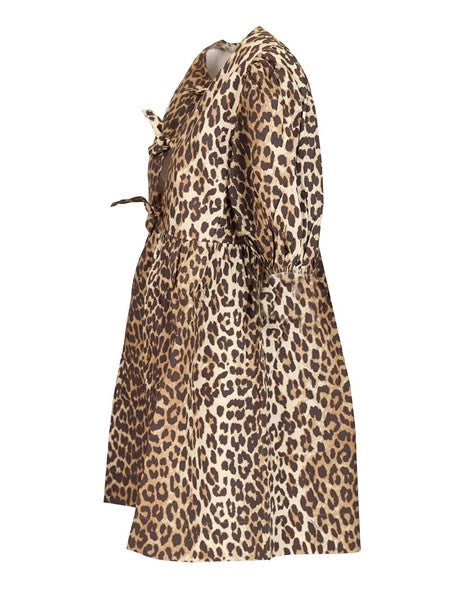 Mini abito leopardato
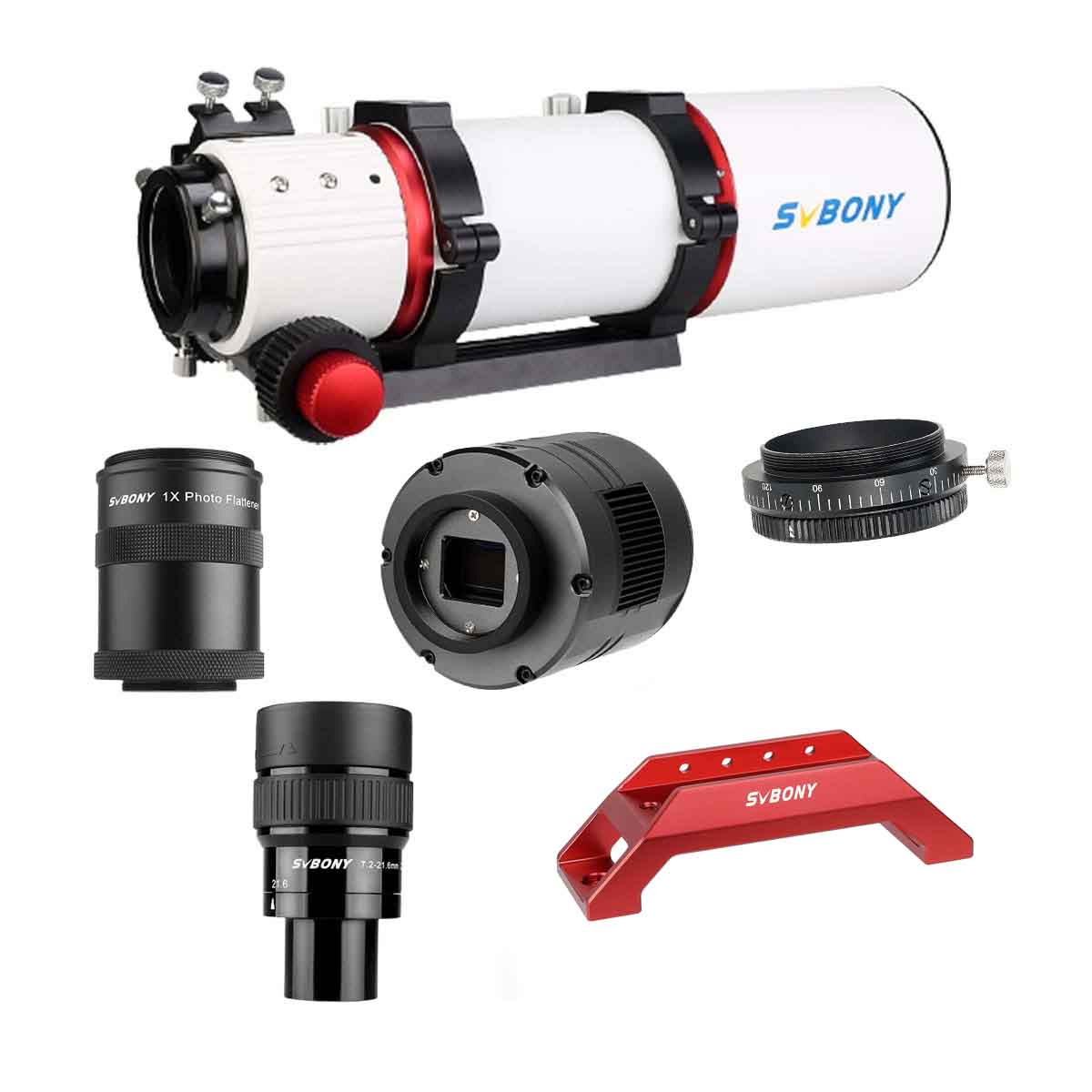 SV550 80 APO Triplet Apochromatic Telescope Set for Deep Space Vision & Photography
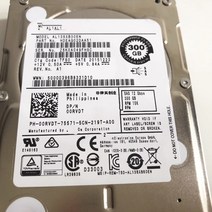 대덕DELL AL13SXB30EN 00RVDT HDEAG02DAA51 300G 15K SAS 12Gb HDD, 한개옵션0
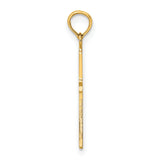 14K Polished Cross Charm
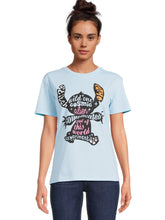 Load image into Gallery viewer, Stitch Juniors Words Graphic Tee with Short Sleeves, Sizes XS-3XL
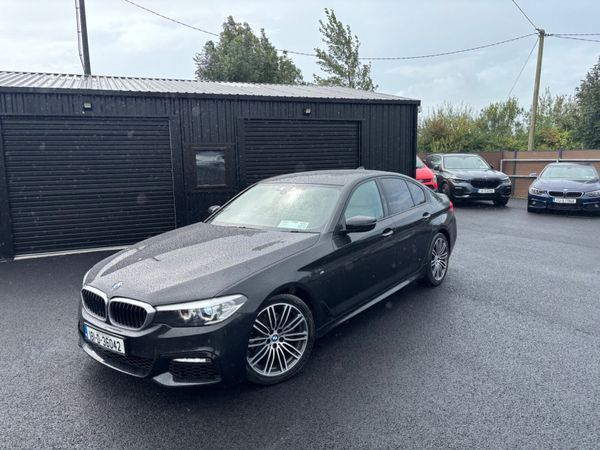 BMW 5-Series Saloon, Diesel, 2018, Black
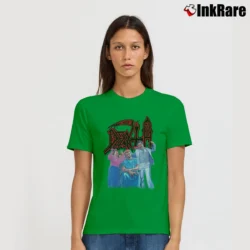Women’s Death Spiritual Healing Metal Band Signature T-Shirt in irish green | Soft, Flattering Fit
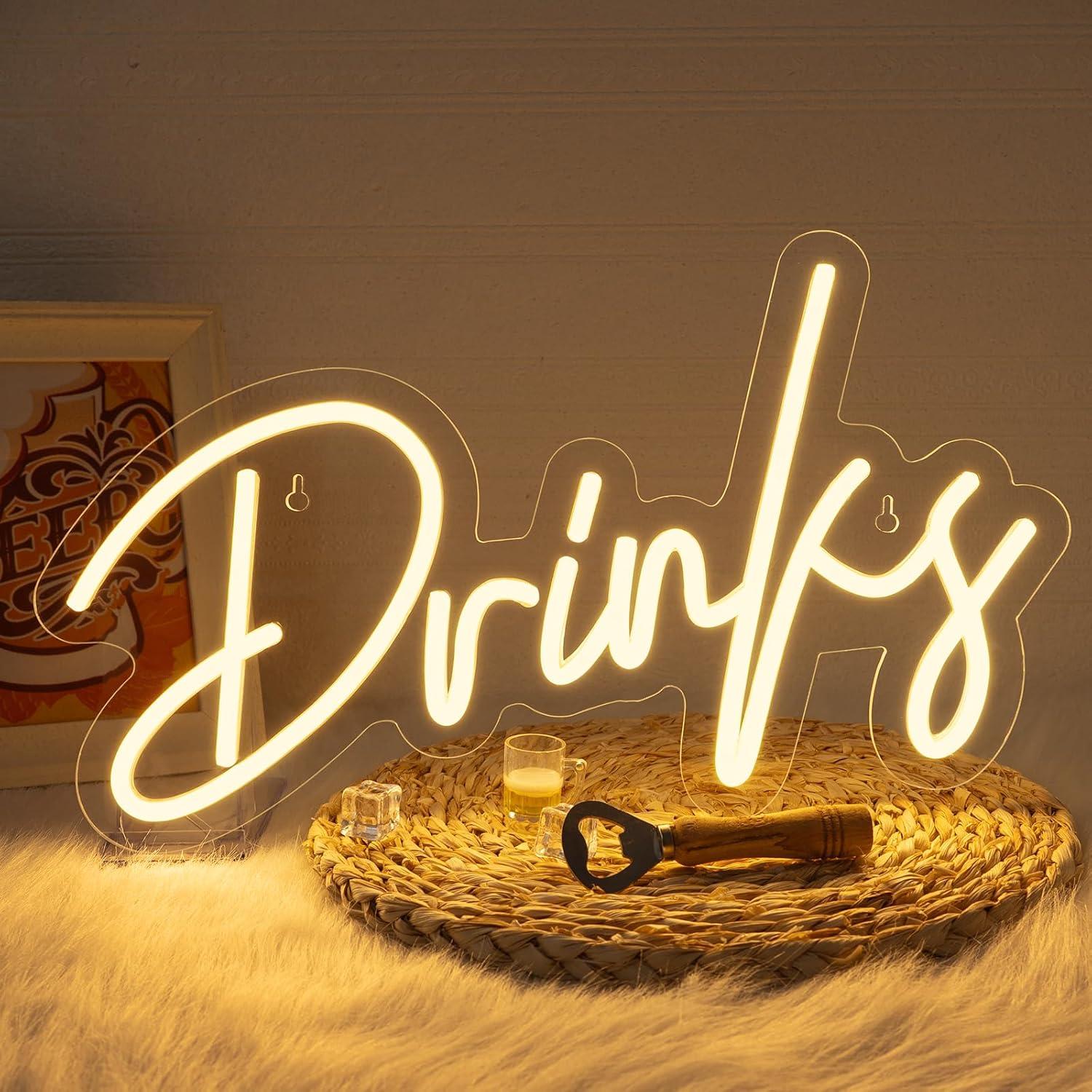Neon Sign Party - ป้ายไฟนีออน LED รูปเครื่องดื่ม สำหรับตกแต่งผนัง บาร์ ร้านอาหาร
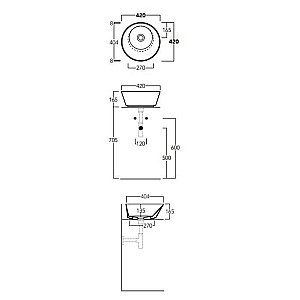 Раковина Simas Wave WA01 bi купить в интернет-магазине Sanbest
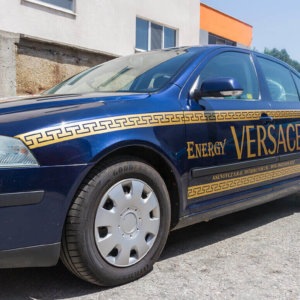 Частично обеляпне на кола с реклама на Versace Energy Drink Частично обеляпне на кола с реклама на Versace Energy Drink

## Task instructions
Without including any images, output the data exactly as given.

## Problem solution
 Mini abito leopardato
 SV550 80 APO Triplet Apochromatic Telescope Set for Deep Space Vision & Photography
 대덕DELL AL13SXB30EN 00RVDT HDEAG02DAA51 300G 15K SAS 12Gb HDD, 한개옵션0
 14K Polished Cross Charm
 Load image into Gallery viewer, Stitch Juniors Words Graphic Tee with Short Sleeves, Sizes XS-3XL
 BMW 5-Series Saloon, Diesel, 2018, Black
Women’s Death Spiritual Healing Metal Band Signature T-Shirt in irish green | Soft, Flattering Fit
Neon Sign Party - ป้ายไฟนีออน LED รูปเครื่องดื่ม สำหรับตกแต่งผนัง บาร์ ร้านอาหาร
 Раковина Simas Wave WA01 bi купить в интернет-магазине Sanbest
 Частично обеляпне на кола с реклама на Versace Energy Drink Частично обеляпне на кола с реклама на Versace Energy Drink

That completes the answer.